Before we go any further, let me assure you that sexification is a word. It's my word. It's like beautification, when you beautify something. So it stands to reason that if you sexify (another word I made up, which totally exists and if it doesn't, it should) something, it's called sexification. Moving on...
Halloween sure has gotten a lot sexier over the years. Especially when it comes to adult women's costumes. This year as I was perusing the aisles and websites for a costume for the Little Man I came upon some outfits that had me scratching my head and saying tsk tsk while others made me stop and go, Whuuuuut? Let me 'splain.
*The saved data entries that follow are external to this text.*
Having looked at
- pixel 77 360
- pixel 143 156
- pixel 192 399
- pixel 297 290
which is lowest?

Halloween and scary movies have a long history together. Let's face it, some of the most famous horror film killers have been the best advertisement that Halloween has ever had. I'm talking Jason, Freddy Krueger and even that evil, little killer doll, Chucky. These guys are all about the gory and scary. Until...you put them in a super short mini skirt. Not only have they been trans-gendered, but these ugly pop culture killers have been turned into hotties. Yes, now you, too, can be a sexy Ms. Voorhees; hockey mask included. Freddy's striped sweater has been extended into a mini. And Chucky's overalls are now a mini-dress complete with red thigh-highs. What's next? Michael Myers in a skin-tight, gray catsuit? Sigh.
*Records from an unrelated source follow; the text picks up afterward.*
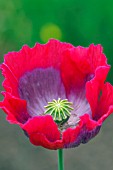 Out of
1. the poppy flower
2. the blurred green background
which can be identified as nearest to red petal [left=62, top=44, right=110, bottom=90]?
the poppy flower

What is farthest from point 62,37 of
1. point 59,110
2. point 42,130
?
point 42,130

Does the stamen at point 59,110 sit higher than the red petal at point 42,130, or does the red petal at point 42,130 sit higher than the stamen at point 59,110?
the stamen at point 59,110

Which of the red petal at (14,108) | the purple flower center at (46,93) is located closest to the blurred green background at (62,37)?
the purple flower center at (46,93)

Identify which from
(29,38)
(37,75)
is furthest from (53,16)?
(37,75)

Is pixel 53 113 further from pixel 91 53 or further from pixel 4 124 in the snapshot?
pixel 4 124

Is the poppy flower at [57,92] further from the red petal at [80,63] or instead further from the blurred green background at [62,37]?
the blurred green background at [62,37]

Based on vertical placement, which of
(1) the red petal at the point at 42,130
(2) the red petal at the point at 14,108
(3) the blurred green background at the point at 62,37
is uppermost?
(3) the blurred green background at the point at 62,37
Garden gnomes are cute, little lawn decorations. They might even make
you think of those Travelocity commercials. A garden gnome with a red,
pointy hat and barely there blue micro-mini skirt? No, just no. Besides being uncomfortable, you run the risk of poking someone's eye out if you bent over to pick up something you dropped. Remember what they say, 'it's all fun and games until someone loses an eye'.
I don't know. These days scarecrows are sultry. Ghostbusters are sassy. Even Dorothy from "The Wizard of Oz" is struttin' down the yellow brick road. One might say it's too much. Then again, judging by the amount of material in some of today's costumes, it might be too little.